The case of the Brazilian writer, however, was complicated in a different way, once we never officially elaborated a “Jim Crow” environment in any portion of our country. Looking from a certain perspective, it was precisely the problem because, for the record, we hadn’t been feeding a segregated society. Not officially. Lima Barreto proved, although, that the Brazilian society was and still is an invisible cell in which iron bars are every sort of racial comment, unjust workplace, political non-fulfilled promises, and lack of opportunities for black people. He could publish books and newspaper texts and be known around the high society of the city that was then the capital of the country, but he never achieved the success he wanted as a writer and a man of respect.
In his diary, precisely on 16 June 1908, he wrote about suicide, a feeling that had followed him since his youth. Reflecting on the matter, he wrote:
“What annoys me the most is feeling that I am not intelligent. Mulato, unorganized, incomprehensible and misunderstood; being very, very intelligent is the only thing that would please me. Humanity lives for intelligence, and by intelligence, and I, intelligent, would forcibly get into humanity, that means, into the great humanity of which I want to be part”[10].
In 1922, the celebrated year of the Brazilian Modern Art Week, being and not being in the humanity that characterized his time, the writer died on his bed, reading the acclaimed Revue des Deux Mondes. At the time, he was suffering from alcoholism and heart arrhythmia.
We have a word in Portuguese for something that is out of rhythm which allows us to encompass a wider meaning when we talk about the heart: “descompasso”. Maybe that is a proper word to summarize the life and death of Lima Barreto, a man with a heart in descompasso not only clinically, but socially too.
Fortunately today, we recognize the greatness of that man, which makes his end not as sad as that of one of his most famous characters. Currently, we are seeing a new beginning of public knowledge of his work and life.

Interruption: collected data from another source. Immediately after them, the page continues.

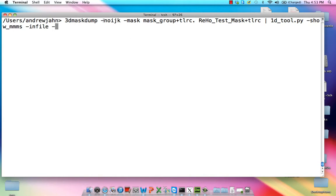I've included the options no IJK, don't want that information, using the group mask, the whole brain mask, and then taking for input the RIHO test mask that we calculated earlier.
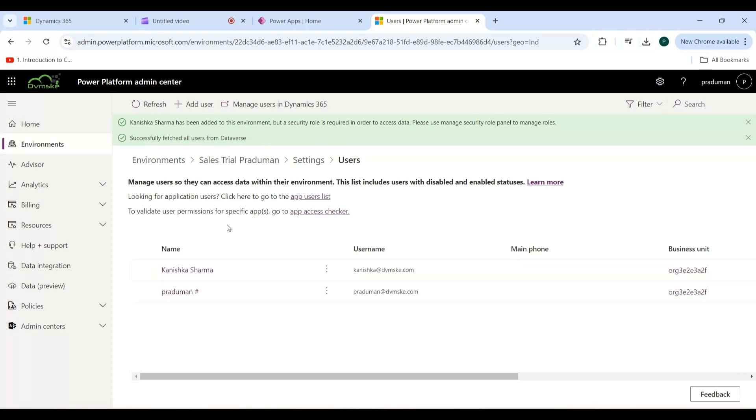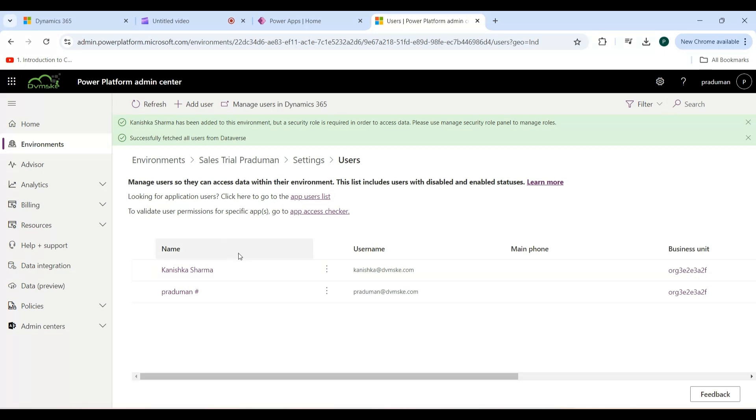Now assign a security role for this user. First, I will explain what security roles are. A security role in Microsoft Dynamics CE defines a set of permissions that control what actions a user can perform within the system. It determines access to entities, records, and features, helping to manage data security and user capabilities. In the user list, find and select the newly added user.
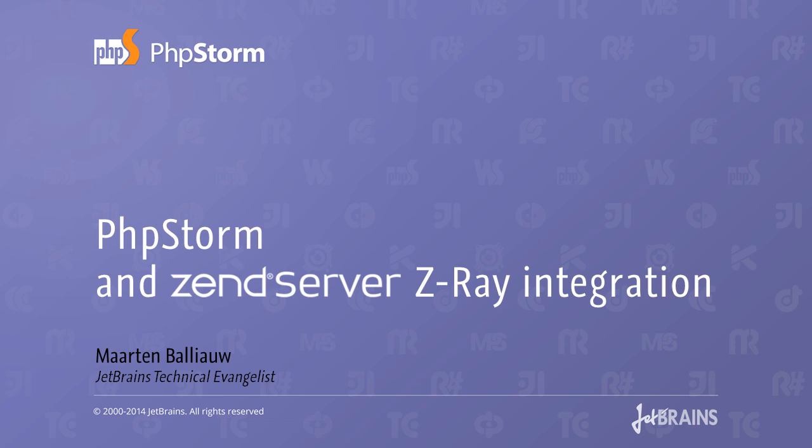Hey there, this is Maarten Baljau from JetBrains. In this screencast, we'll have a look at how PhpStorm integrates with Zend Server, an integrated platform for mobile and web applications.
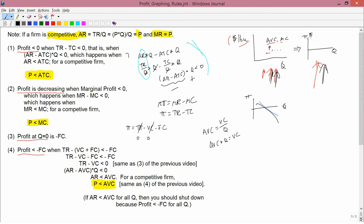So we have average revenue minus average variable cost times Q being less than zero. Since Q is positive (the Q equals zero case is covered by rule three), the first term must be negative, meaning AR is less than AVC. For a competitive firm, price equals AR, so price is less than average variable cost — the same as equation four from the shutdown rule video. If price is less than AVC for all Q, you have the shutdown rule: profit is less than minus fixed cost for all Q and the firm should shut down.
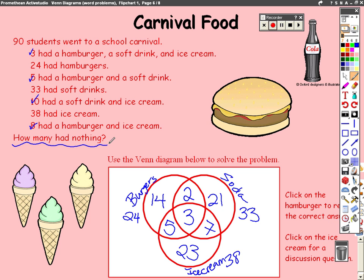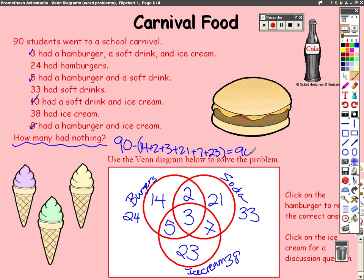To answer the question of how many people had nothing, you take the 90 — the original number of people — minus every single number inside the Venn diagram. The numbers inside the circles are no longer overlapping because we subtracted them out. So we add all the numbers in the circles: 14, 2, 3, 21, 7, and 23. That gives us 90 minus 75, so a total of 15 people did not buy anything at all.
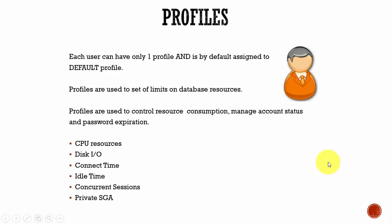Using these profiles we can set limits like CPU resources - that means how many CPU cycles this user can use. Disk I/O, how many I/O reads is allowed. Connect time, in a single stretch how long the user can be connected to the database. And next, idle time - the time how long the user can stay idle before the Oracle database closes the session.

Are we talking about a “classic”? Maybe, yes. But, before tagging Lima Barreto with yet another categorization, let’s instead stay with the thought that we are talking about a “present”!
[1] SCHWARCZ, Lilia M. Lima Barreto: triste visionário. São Paulo: Companhia das Letras, 2017, p. 26.
[2] BARRETO, Lima. O triste Fim de Policarpo Quaresma. Jaraguá do Sul: Avenida Gráfica e Editora Ltda, 2005, p. 110.
[3] Ibid., p. 111.
[4] SCHWARCZ, Lima Barreto: triste visionário, p. 213.
[5] BARBOSA, Francisco de Assis. Prefácio. In: BARRETO, Lima. Recordações do escrivão Isaías Caminha. São Paulo: Brasiliense, 1968, p. 13.
[6] BARRETO, Lima. Recordações do escrivão Isaías Caminha. São Paulo: Brasiliense, 1968, p. 116.
[7] Ibid., p. 110–1.
[8] SEVCENKO, Nicolau. Literatura como missão: tensões sociais e criação cultural na Primeira República. São Paulo, Brazil: Companhia das Letras, 2003, p. 262.
[9] WRIGHT, Richard. Black Boy (American Hunger): a record of childhood and youth. [s.l.]: HarperCollins, 2008, p. 294.
[10] BARRETO, Lima, Diário Íntimo: memórias, São Paulo: Editora Brasiliense, 1956, p. 135.